Task objective ▸ Please reproduce all of the data exactly as it appears, but skip the pictures.

Recorded information ▸
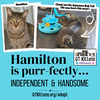 Hamilton - Photo 19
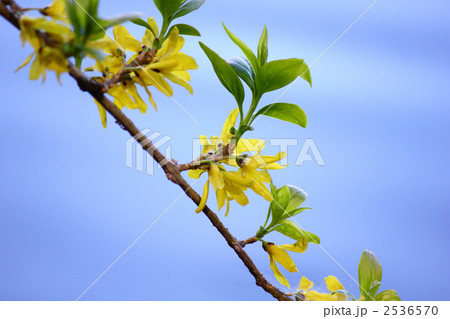 レンギョウの花と若葉 2536570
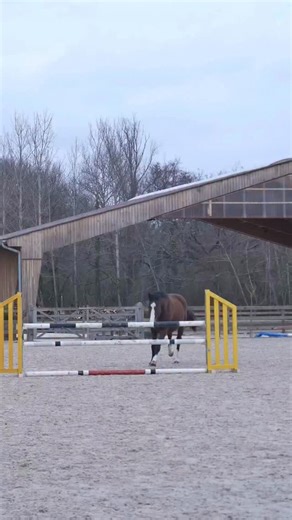 COMMENT MOTIVER UN CHEVAL À SAUTER ? Votre cheval à tendance à courir sur les barres ? Votre cheval dérobe très souvent du même côté ou même votre cheval s’arrête au moindre sous bassement ? Comment faire en sorte pour motiver un cheval à sauter, tout en respectant son intégrité physique et morale ? Pour tous les amoureux du saut d’obstacle, nous avons créé un module spécifique alliant les connaissances de l’éducation du cheval, et les connaissances techniques du saut d’obstacle. À l’occasion de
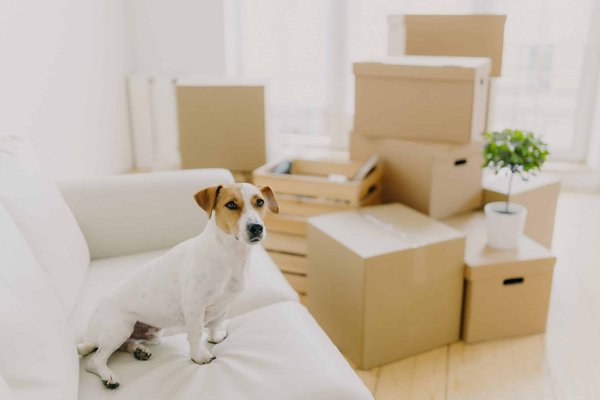 Les astuces pour créer un look féminin et confortable à la fois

Exercise result ▸
 Hamilton - Photo 19
 レンギョウの花と若葉 2536570
 COMMENT MOTIVER UN CHEVAL À SAUTER ? Votre cheval à tendance à courir sur les barres ? Votre cheval dérobe très souvent du même côté ou même votre cheval s’arrête au moindre sous bassement ? Comment faire en sorte pour motiver un cheval à sauter, tout en respectant son intégrité physique et morale ? Pour tous les amoureux du saut d’obstacle, nous avons créé un module spécifique alliant les connaissances de l’éducation du cheval, et les connaissances techniques du saut d’obstacle. À l’occasion de
 Les astuces pour créer un look féminin et confortable à la fois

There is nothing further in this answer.